IWD has been observed since 1909 and is now an official public holiday in many countries such as Afghanistan, China, Cuba and Uganda. It is celebrated each year on 8th March and the tradition sees men honouring their mothers, wives, girlfriends and friends with flowers and small gifts. Additionally, thousands of events are held worldwide to inspire women and to celebrate their achievements. However, I was certainly entertained to hear from one Ugandan man that I had it wrong and IWD is really a celebration of men and is pronounced “We-men’s Day”…. not convinced!
Women in Uganda
But what does it mean to be a woman in Uganda?
A woman born in Uganda today has a life expectancy of 57 years old, according to the World Health Organization.
About 6,000 women in Uganda die every year during childbirth, and a woman stands a one in thirteen chance of dying during her lifetime when giving birth.
According to the Uganda Women’s Network, at least 60 percent of women will experience domestic violence during their lifetime. This is one of the reasons that children run to the streets in Jinja and beyond.
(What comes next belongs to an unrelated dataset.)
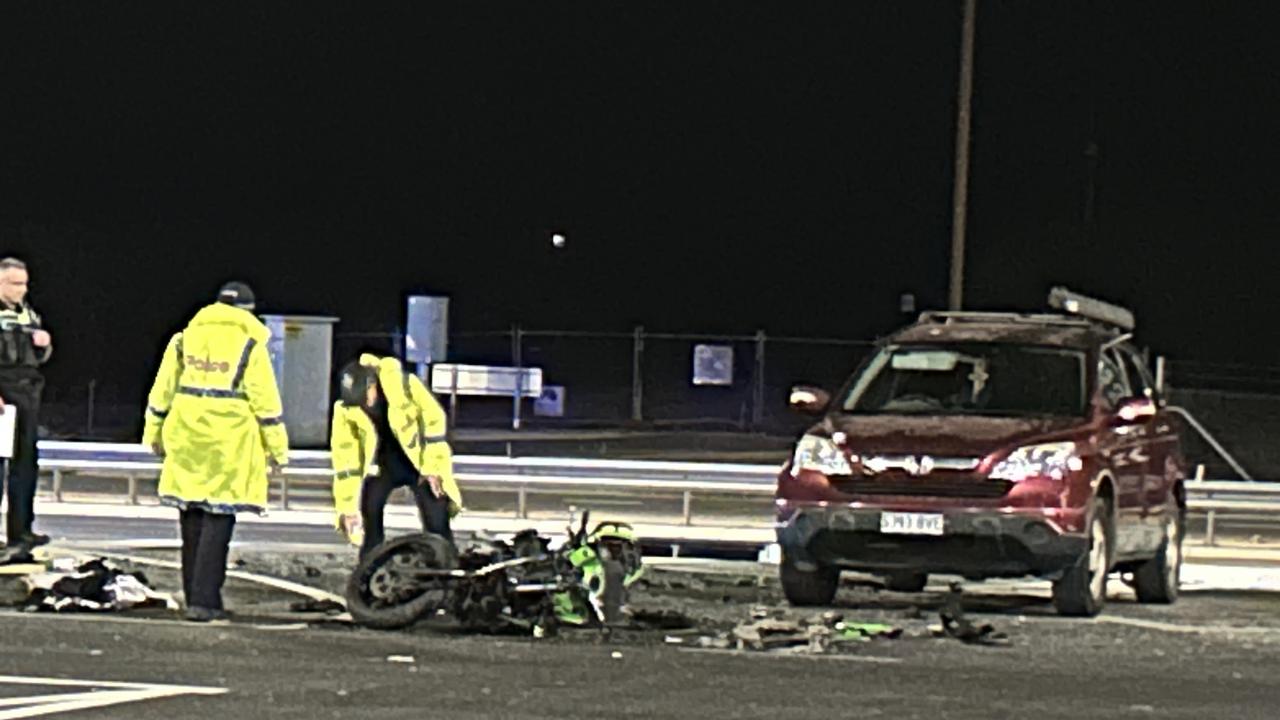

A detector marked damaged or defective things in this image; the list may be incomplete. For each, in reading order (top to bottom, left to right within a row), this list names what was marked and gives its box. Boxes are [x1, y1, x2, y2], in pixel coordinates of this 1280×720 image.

wrecked motorcycle [345, 507, 645, 630]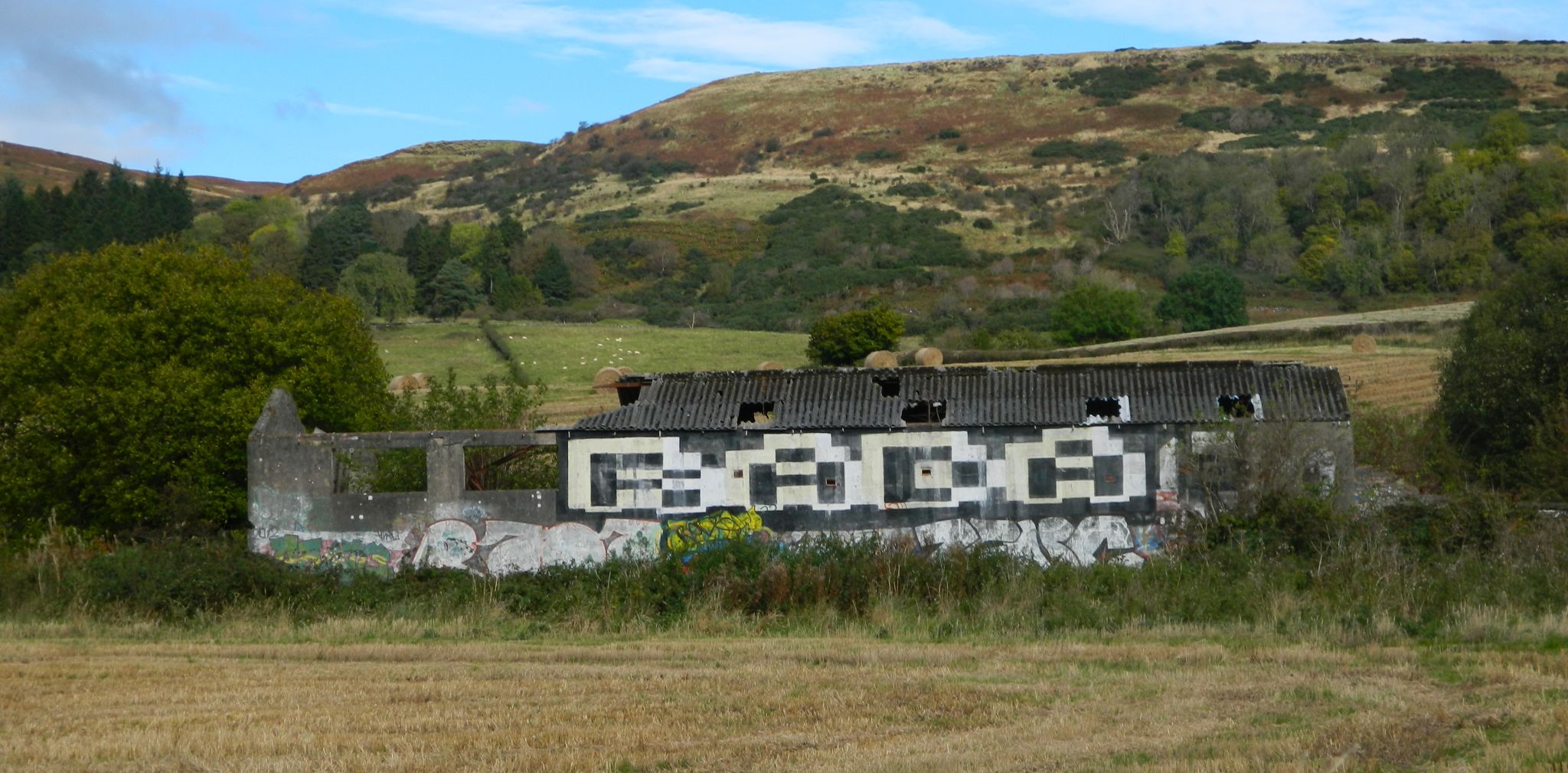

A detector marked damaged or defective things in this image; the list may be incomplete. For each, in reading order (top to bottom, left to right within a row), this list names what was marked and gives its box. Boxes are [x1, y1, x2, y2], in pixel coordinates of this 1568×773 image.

However, other victories can definitely be claimed. In 2009 a bill launched by MP Chris Baryomunsi was passed banning female circumcision, a lethal rite of passage in rural communities in Uganda. Though we recognise that changing the law is often just the first step in the process to changing attitudes around the issue.
Additionally, at the 2010 graduation at Makerere University, 50.1 percent of graduates were women– far up from 25 percent in 1990.
S.A.L.V.E certainly believes that education of everyone, (and often particularly of girls), has the power to enable people to make choices to create better lives for themselves and to fight poverty and injustice.
Joining the celebrations
So, what better way to spend our public holiday than celebrating the day at the national IWD event in Kampala? There were lectures and debates on life as a Ugandan woman: past, present and future, as well as local artists, musicians, sporting stars and female-focussed NGOs.
One long matatu (minibus) ride sat next to a woman holding a chicken and one nerve-shattered Amy later and we were home and inspired to work with Ugandan boys, girls, men and women alike for a better and more equal future for all.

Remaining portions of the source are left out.